Contribution of carotid body chemoreceptors and carotid sinus baroreceptors to the ventilatory and circulatory reflexes produced by common carotid occlusion.

The effects evoked by 1 min occlusions of the common carotids were studied in 16 spontaneously breathing pentobarbitone anesthetized cats. Unilateral occlusions induced increases in systemic arterial pressure (to 111.5% of basal), but no changes in ventilation. Bilateral occlusions provoked larger increases in systemic arterial pressure (to 137.5% of basal) and mild tachycardia, associated with pulmonary and alveolar hyperventilation. Breath-by-breath minute volume augmented (to an averaged maximum of 144.7% of basal), the increase in tidal volume being more important than that of respiratory frequency. The maximal changes occurred shortly after occlusion and they were inversely but not linearly related to the minimal levels of intrasinusal pressure attained.

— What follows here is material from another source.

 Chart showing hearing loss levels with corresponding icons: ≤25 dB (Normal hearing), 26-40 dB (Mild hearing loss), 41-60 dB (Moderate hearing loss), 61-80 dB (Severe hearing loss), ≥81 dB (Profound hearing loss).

Changes were subsequently attenuated during each occlusion, depending on the partial restoration of intrasinusal pressure. After barosensory denervation of the carotid sinuses, the cardiovascular responses to bilateral occlusions were reduced, but the respiratory ones were not affected. During 100% O2 breathing in cats with intact innervation or carotid barodenervation, the respiratory responses to bilateral occlusions were much reduced and delayed, or even absent. That the above circulatory and respiratory effects of carotid occlusions were of reflex nature was demonstrated by their elimination after bilateral section of the carotid (sinus) nerves. Results indicate that while barosensory withdrawal during carotid occlusion is mostly responsible for reflex hypertension and bradycardia, chemosensory excitation induced by this maneuver is the major cause of reflex hyperventilation.